Fossil Fuels Are 40% of Freight Shipping Tonnage, but Half Its Fuel Use (cleantechnica.com)
53 points by choult 2 hours ago
bryanlarsen 42 minutes ago
The top graph makes it seem much more dramatic than it is.
Maritime shipping is very efficient, and consists of a very small fraction of overall petroleum usage.
Road transportation uses about 20x as much fuel as ocean shipping, planes use about 2x as much, and trains about the same amount.
The typical rule of thumb is that about 40% of the energy in a barrel of petroleum is lost before it goes into your gas tank. And the two big factors are the energy required to do the refining and delivering the fuel from the refinery to the gas station. Shipping the crude from the oil field to the refinery is a factor, but a small one in comparison.
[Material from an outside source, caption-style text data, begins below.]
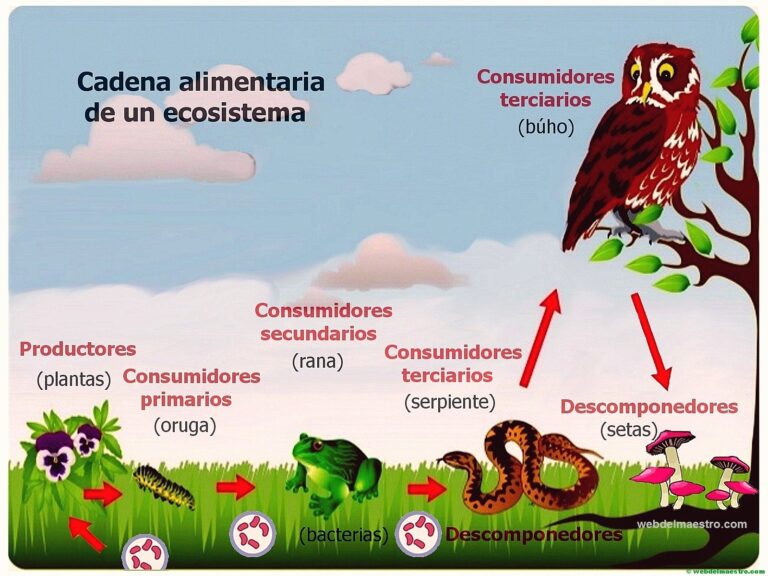 cadena alimenticia en un ecosistema natural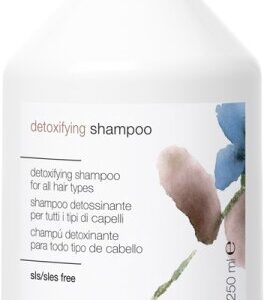 Simply Zen Detoxifying Shampoo 250 ml
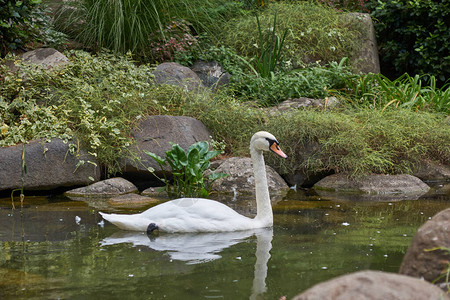 公园池塘里的白天鹅图片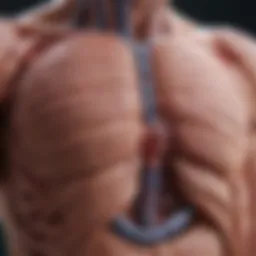 Close-up view of the digestive system highlighting the esophagus and stomach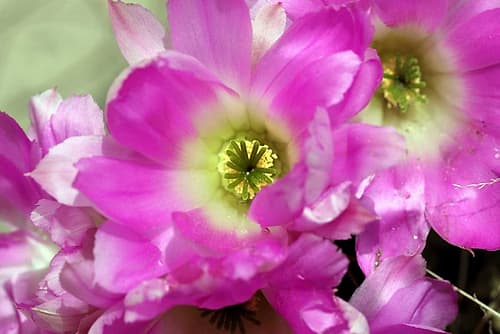 Lovely pink flowers Art Print by Giovanni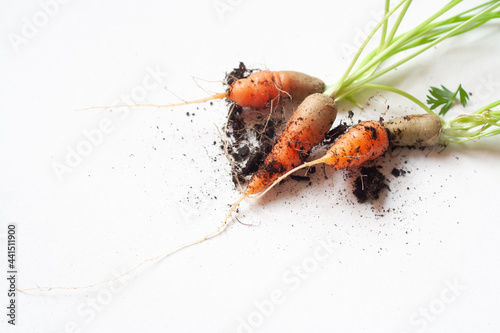 carrots with soil and green leaves on white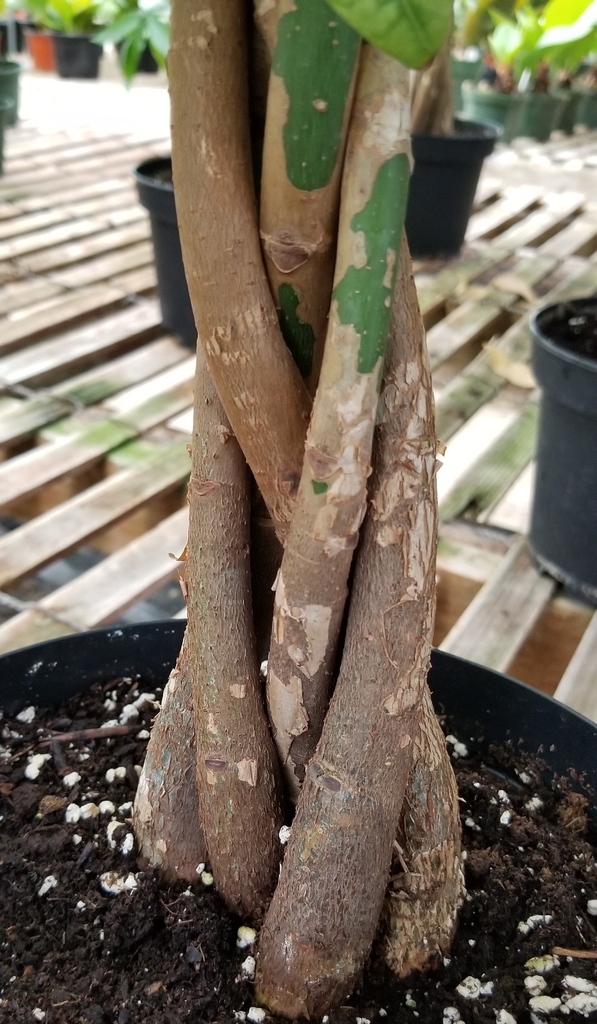 Pachira aquatica houseplant with a braided trunk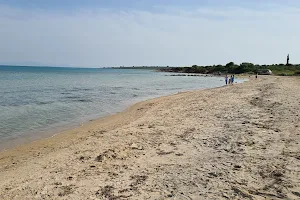 uslu plajı image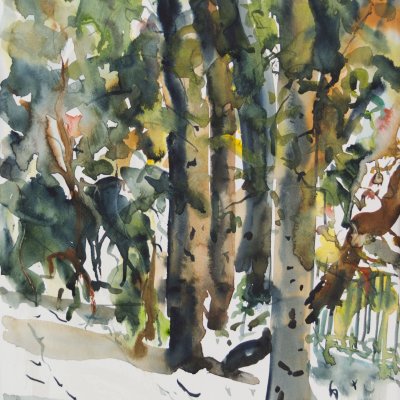 Trees 1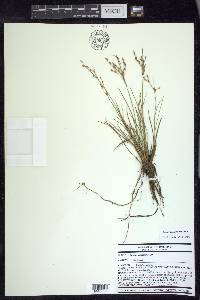 Juncus georgianus image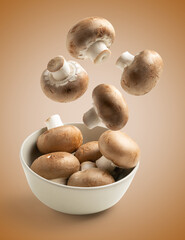 mushrooms flying on brown background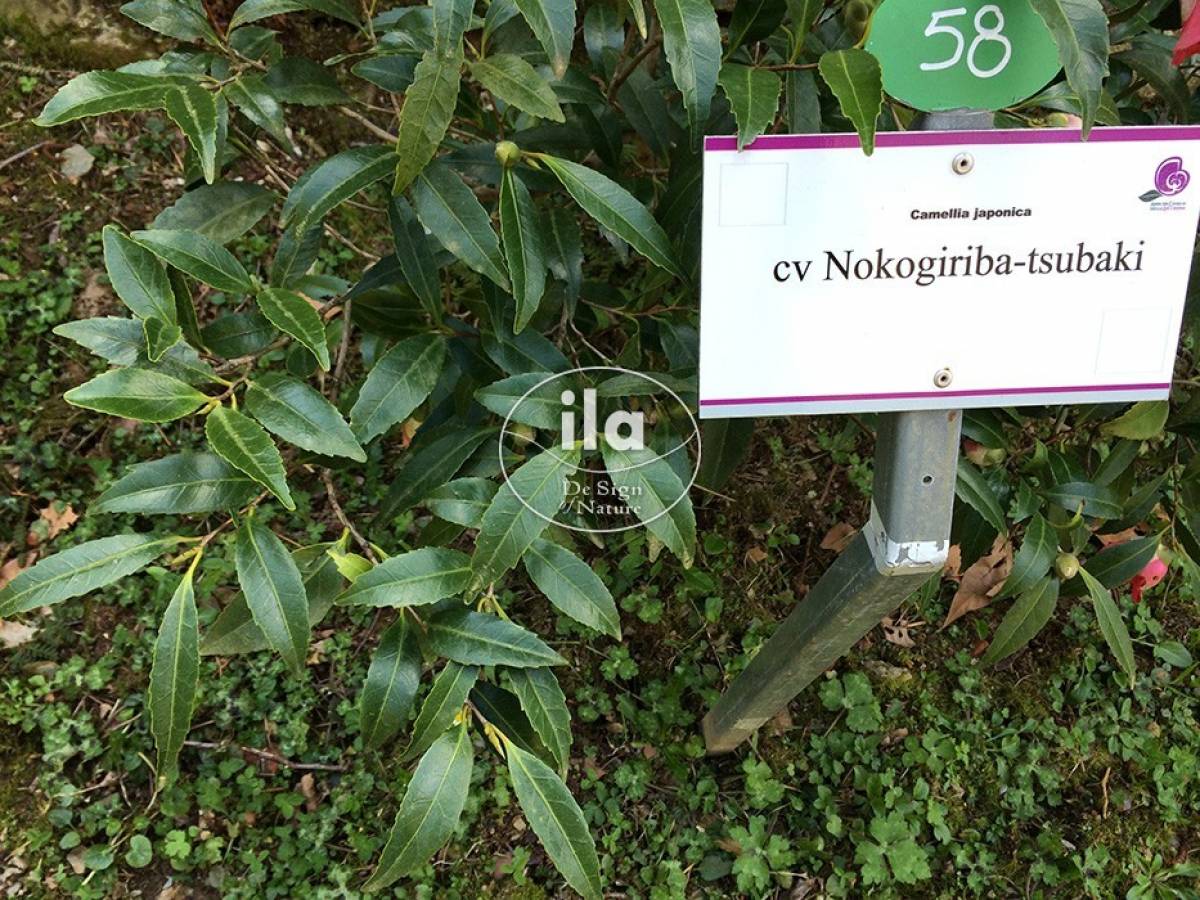 37333-camellia-japonica-3.jpg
This 40% is the main reason why driving an EV emits less carbon than driving an equivalently sized gas vehicle even if you're topping up that EV with the dirtiest electricity you can find.
P.S. maritime shipping typically uses very dirty fuel. We'll probably notice the reduction in sulfur pollution more than the reduction in CO2.
P.P.S 3% of a very large number is still itself a large number, so it's still worth looking for solutions.
lukevp 3 minutes ago
Why is the EV better? Because electricity transmission is more efficient than gas? What about the losses in the electricity transmission and the batteries and the conversion to motive force in the motor? Is it way less than that 40%? And wouldn’t there be more than 0% losses because refinery -> power plant shipping?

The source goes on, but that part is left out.